Nature of the beast my good man.
I've actually migrated and trained a lot of baby boomer/retired couples from XP to 8 this year and it's been fine.
No fuss or drama. Most people really don't care what they are running as long it it works reasonably fast and smoothly.
The biggest surprise for most of them was the fact the new machine cost around half of what they paid for the old one.
I am a big MS fan. I don't mind admitting it. But I like to keep an open mind and also from a wide range of personal experience not to mention the holes my customers find themselves in I believe strongly in the best solution for the situation.
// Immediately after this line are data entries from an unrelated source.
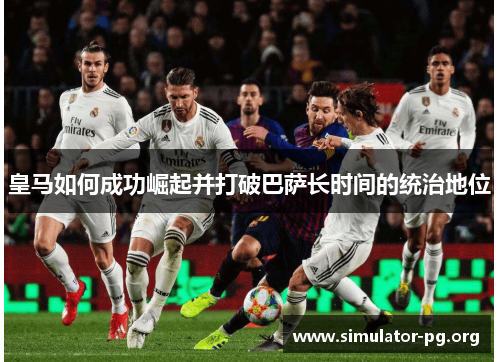 皇马如何成功崛起并打破巴萨长时间的统治地位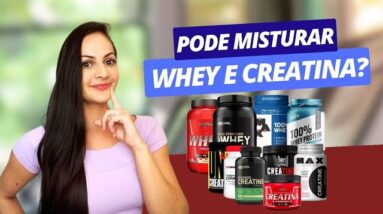 WHEY + CREATINA: podem ser usados juntos? Nutricionista Giovana Guido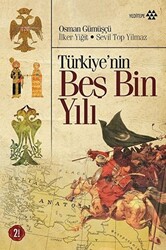 Türkiye’nin Beş Bin Yılı - 1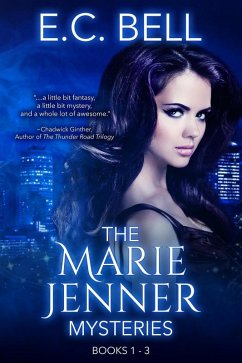 The Marie Jenner Mysteries: Books 1-3 (A Marie Jenner Mystery) (eBook, ePUB) - Bell, E. C.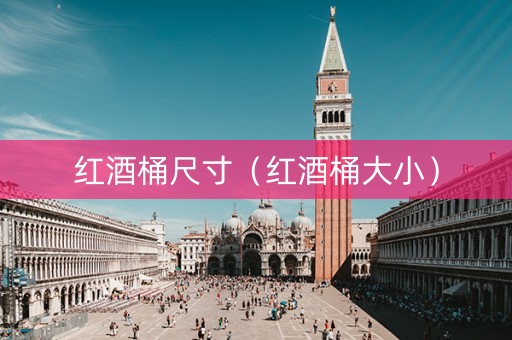 红酒桶尺寸（红酒桶大小）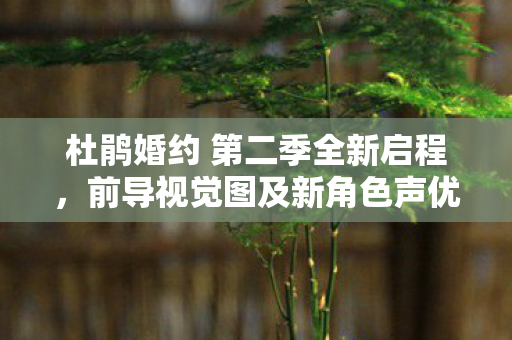 杜鹃婚约 第二季全新启程，前导视觉图及新角色声优情报揭秘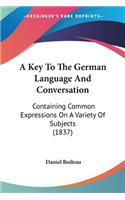 A Key To The German Language And Conversation: Containing Common Expressions On A Variety Of Subjects (1837)(English)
And that's not always Windows. If a particular bit of kit fits the bill then that's what goes in, be it Windows, Linux or a Chromebook.
Two years ago I was a bit sniffy about Chromebooks, but I felt I had to actually use one to see how it worked and could fit in for customers. So I bought a Samsung (had to wait as they were hard to get), unpacked it and put it on my desk and thought I'd 'battle on' with it for a few days.
After 10 mins I was truly stunned at how simple and well it fitted into my situation.
Always pays to keep an open mind. You are not being fair to your customers or yourself if you won't try or look at something different. It makes your world very very small.
It's up to MS to come up with something similar that fits the bill.
Probably have all their email on Outlook Express too. Dear God....
This is what always makes me laugh. Nowadays if a Windows/Apple/Linux PC has no internet connection...it's pretty damn limited. You can bet most staff would be sitting around moaning they had nothing to do.
No they don't have difficulty. All you do is spend 10-15 minutes with them explaining how the thing works and how it differs from their old machine. They'll get it.
It's called 'Training', a long forgotten practice I know but it's how you get folks to get the most out of what they are using.
Not difficult. Try it sometime.
Yes, carrying masses of data around on a laptop/mobile device is a daft liability. Quite old fashioned really.
All the old bulk data I have is kept at home on a NAS. The day to day stuff I need/use stays in a Google Drive folder. About 1GB if you must know. I need to trim it down soon.
All my laptops have been slimmed down to mostly 64GB SSD drives. A couple have 120GBs in them but not required. My Chromebook has nothing stored on it locally. Doesn't need it as its 2014 and not 1998 anymore, connectivity/internet wise.
Watch out for really cheap AMD equipped laptops. The bottom rung of Windows laptop buying has got quite tricky.
If you buy the cheapest AMD CPU laptop, chances are you will end up with a E1 spec CPU. I had one in to look at that was a 1GHz dual core. It was terrible. Took me back to the days of Windows 3.1 and seeing the egg timer on screen more then the cursor. To make it even half usable I had to rebuild it with a 120GB SSD. It still didn't perform well. For the sake of £50 extra it could have been a different story. Those E1 CPUs are sub Atom spec IMO and not designed to run Windows.
My Chromebook on the other hand is two years old and still as nippy as the day I bought it.